Il y a quelques jours, dans notre chronique du dernier Festival de Saint-Sébastien, nous commentions comment Jaione Camborda était entré dans l’histoire en étant le premier cinéaste espagnol à remporter la Coquille d’Or, la plus haute récompense de Zinemaldia (en ajoutant une autre « première fois » : première film dans la langue co-officielle qui y parvient). Une semaine plus tard, « O Corno » est déjà au cinéma et le public peut découvrir l’histoire de María, sa protagoniste.
Originaire de Saint-Sébastien et vivant en Galice, Camborda a étudié à l’École de cinéma de Prague et à l’École de cinéma de Munich et, même si jusqu’à présent son nom ne vous était pas familier, ce n’est pas son premier long métrage : avec « Arima », elle a déjà gagné le prix en 2019 du meilleur réalisateur au Festival du cinéma européen de Séville. Pour ce deuxième film, le réalisateur, qui est également en charge du scénario, raconte l’histoire de María, une récolteuse de coquillages de l’île d’Arousa qui, en 1971, aide les femmes de son village à avoir des enfants… et, officieusement, , je ne les ai pas non plus. C’est cette dernière qui l’oblige à fuir non seulement sa ville, mais aussi le pays, et à traverser la frontière avec le Portugal pour préserver sa liberté. Ou quelque chose comme « liberté ».

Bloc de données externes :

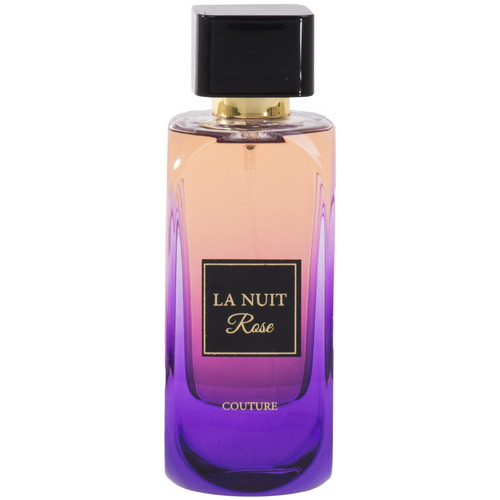 ادو پرفیوم زنانه فراگرنس ورد مدل Lanuit Rose Couture حجم 100 میلی لیتر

Le titre fait en effet référence à l’ergot, un champignon du seigle qui était utilisé dans les avortements clandestins et qui, bien sûr, n’est pas sans danger : l’ergotisme, la maladie provoquée par le champignon par l’ergotamine, peut conduire à des hallucinations, voire à la gangrène due à l’ergot. à la contraction artérielle. En revanche, à faibles doses (ce qui simplifie grandement), il a été utilisé à des fins thérapeutiques ; entre autres, pour prévenir les hémorragies du post-partum. Cette ambivalence est l’un des thèmes principaux du film de la même dualité naissance/avortement, et c’est une chose recherchée par son réalisateur, qui s’est exprimé dans Publique de « ce parallélisme entre l’accouchement et la perte, où se mélangent des émotions très profondes, ce n’est pas exclusivement du plaisir, ce n’est pas exclusivement de la douleur, c’est quelque chose qui se mélange avec une intensité plus ambiguë ». L’obscurité est présente pendant presque tout le film (la photographie de Rui Poças est fantastique, d’ailleurs), mais dans cette obscurité la peur (la scène du bateau) coexiste avec la joie et le plaisir (tout le passage du festival et la poussière).

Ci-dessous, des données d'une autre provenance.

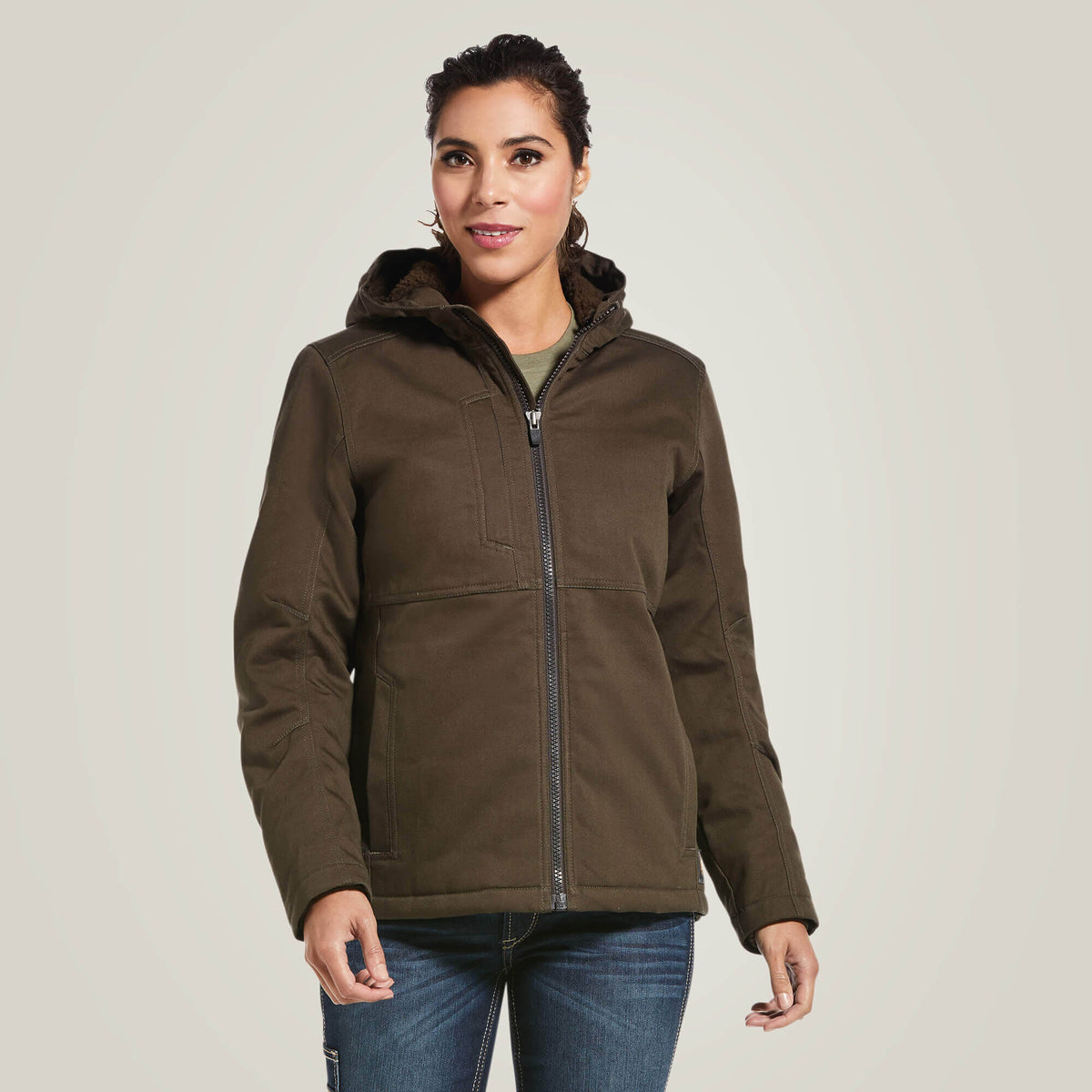 Rebar DuraCanvas Insulated Jacket Women | Ariat sale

Mais cette ambivalence se retrouve aussi dans le tempo du film lui-même, où il peut y avoir de longs passages sans dialogue, un tempo lent dominé par les silences et l’observation (à la fois de notre part en tant que spectateurs et de la protagoniste elle-même), mais qui cohabitent avec des scènes fortement liées au physique (« le mammifère », selon dénombré le directeur de Vogue) et qu’ils ne lésinent pas sur vous le transmettre. Sans aller plus loin, le film démarre par un labeur d’une dizaine de minutes qui n’atteint pas le stress de ‘Morceaux de femme’ mais presque.

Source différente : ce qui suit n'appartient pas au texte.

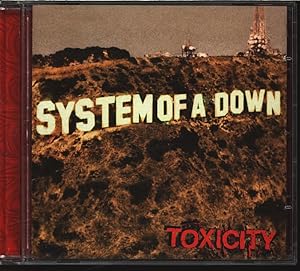 Bild des Verkufers fr System of a Down, Toxicity. AUDIO-CD. zum Verkauf von Antiquariat Bookfarm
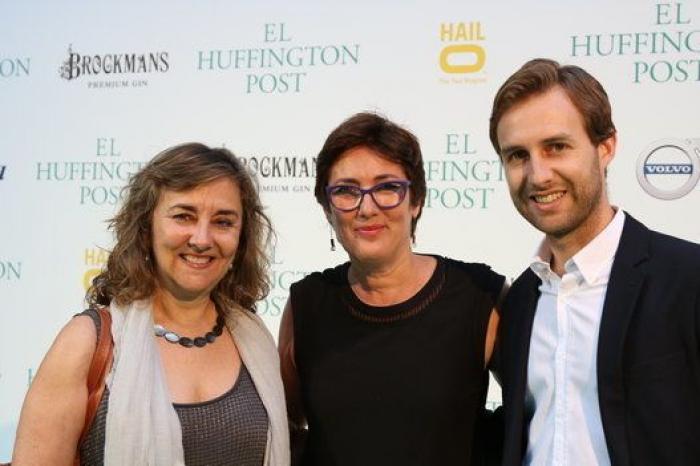 Fiesta cuarto aniversario de 'El Huffington Post': juerga en el Museo Lázaro-Galdiano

Et ce jeu entre physicalité et silence trouve sa principale alliée chez Janet Novás, celle chargée de jouer María, avec qui il est difficile de croire que c’est sa première fois devant la caméra (elle était terrifié pour elle en fait). Camborda avait déjà vu sur scène Novás, qui a toujours été danseuse, et l’avait réservée pour un casting dans lequel, finalement, elle incarnait le personnage. Et la danse l’a peut-être aidé physiquement, mais c’est dans le portrait de l’intérieur que nous nous connectons vraiment avec María et que Novás brille le plus. En fait, la scène finale, où les deux aspects se mélangent, est probablement la meilleure partie du film. D’autres passages où le point de vue change temporairement fonctionnent moins bien (Anabela et sa cliente, Luisa, la contrebande), et en général le film s’améliore lorsque la frontière est franchie, mais également, pour ce qui a déjà été évoqué, il vaut la peine de s’en approcher. ces jours-ci pour voir l’Arousa de Camborda dans ‘O Corno’.